[[ Records for this task open ]]
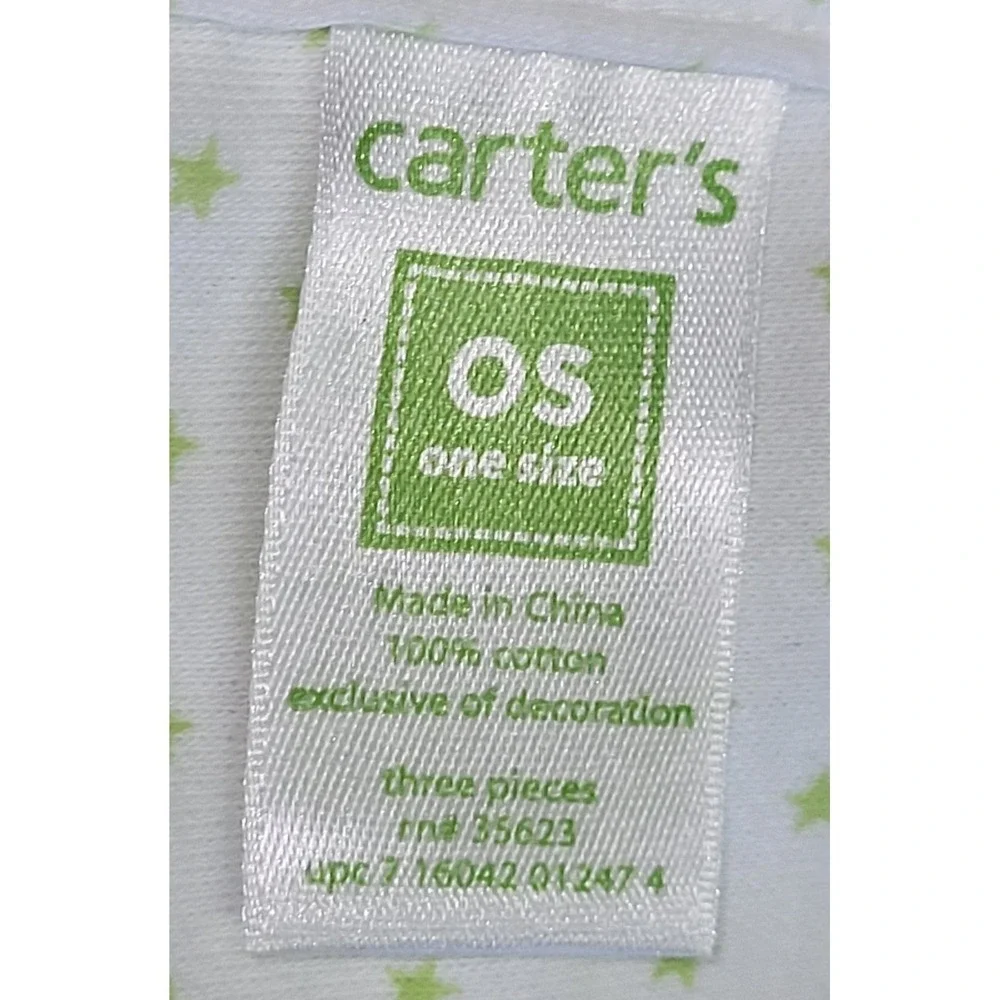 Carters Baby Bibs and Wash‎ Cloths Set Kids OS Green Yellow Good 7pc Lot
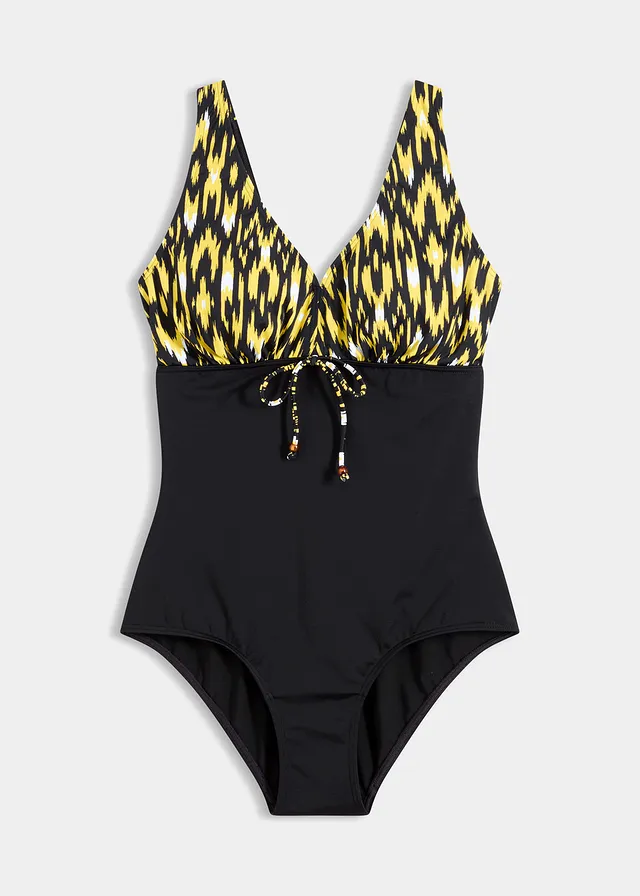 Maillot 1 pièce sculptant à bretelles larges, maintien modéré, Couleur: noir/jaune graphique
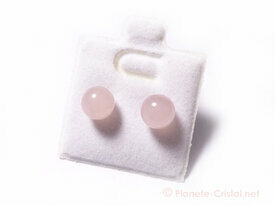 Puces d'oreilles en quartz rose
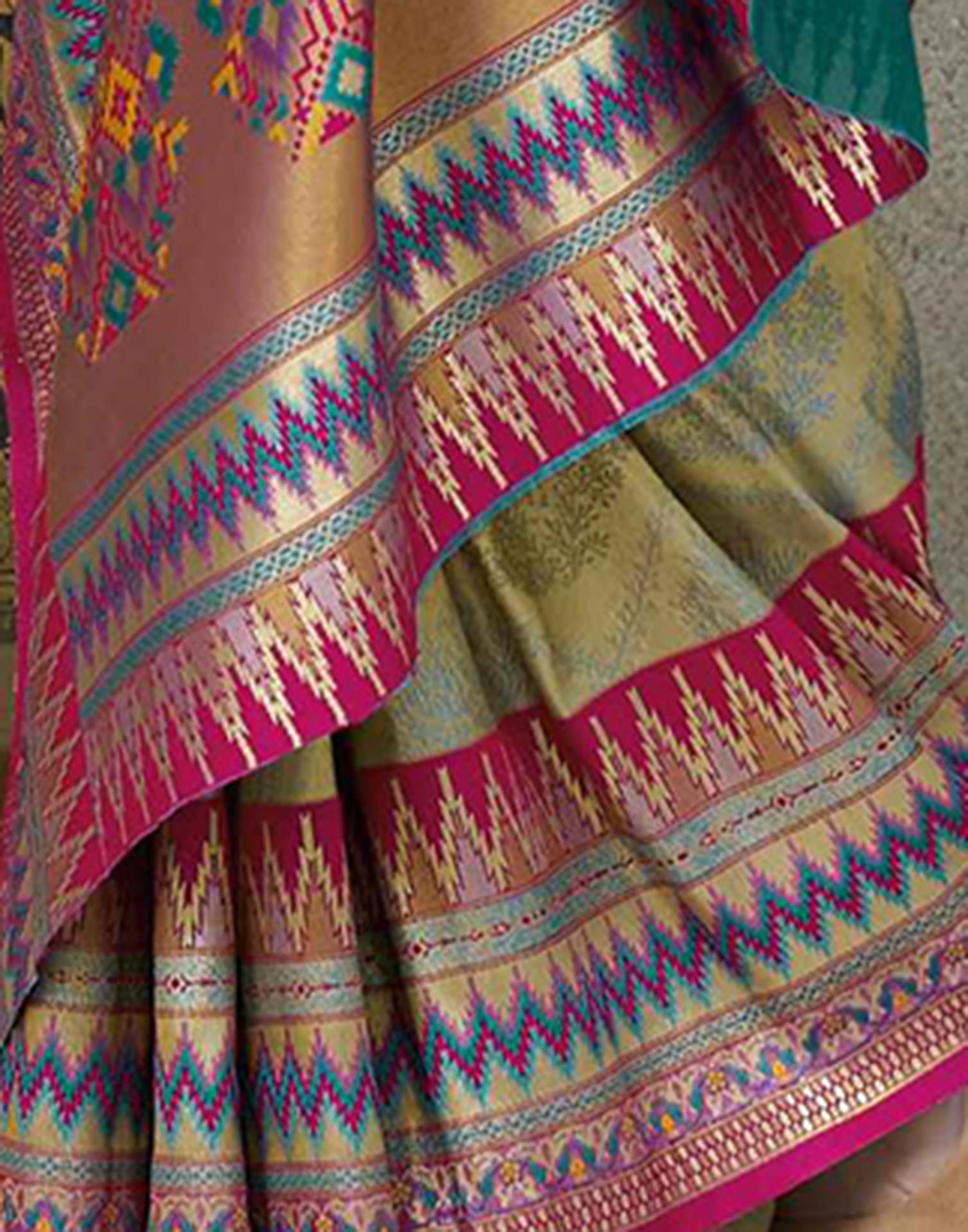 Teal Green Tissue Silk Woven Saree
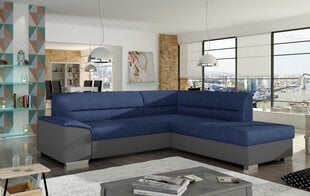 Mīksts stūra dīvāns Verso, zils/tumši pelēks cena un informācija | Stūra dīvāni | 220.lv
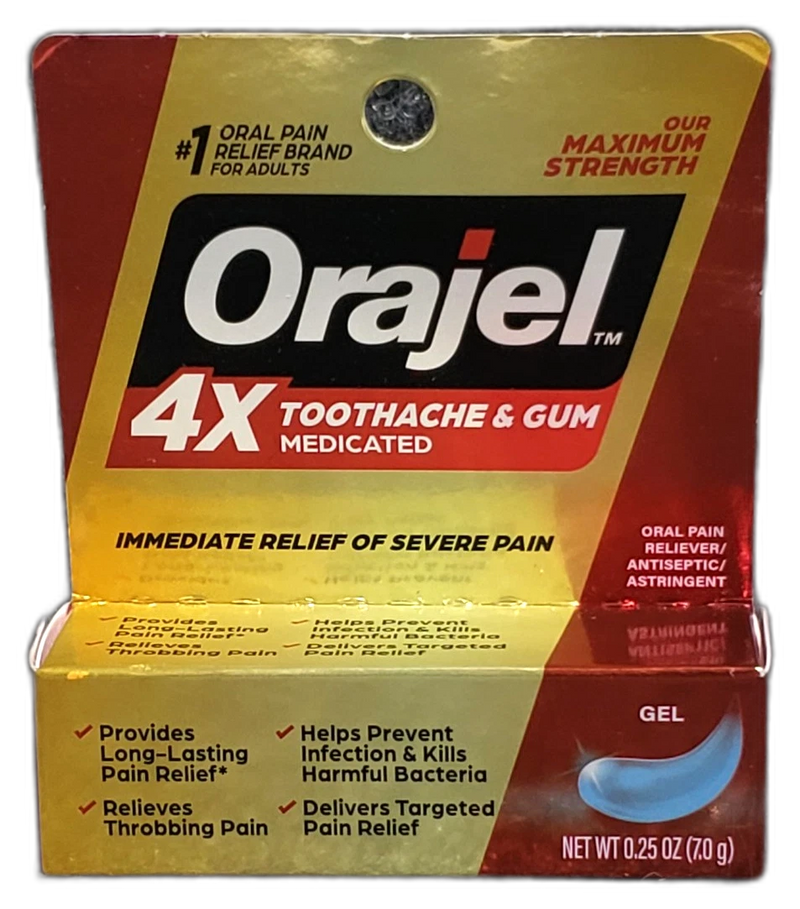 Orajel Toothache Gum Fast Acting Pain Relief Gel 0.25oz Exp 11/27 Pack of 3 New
[[ Records for this task closed ]]
■ What you are asked to do ■
What is needed is a word-for-word copy of the data, minus its pictures.

■ Exercise solution ■
 Carters Baby Bibs and Wash‎ Cloths Set Kids OS Green Yellow Good 7pc Lot
 Maillot 1 pièce sculptant à bretelles larges, maintien modéré, Couleur: noir/jaune graphique
 Puces d'oreilles en quartz rose
 Teal Green Tissue Silk Woven Saree
 Mīksts stūra dīvāns Verso, zils/tumši pelēks cena un informācija | Stūra dīvāni | 220.lv
 Orajel Toothache Gum Fast Acting Pain Relief Gel 0.25oz Exp 11/27 Pack of 3 New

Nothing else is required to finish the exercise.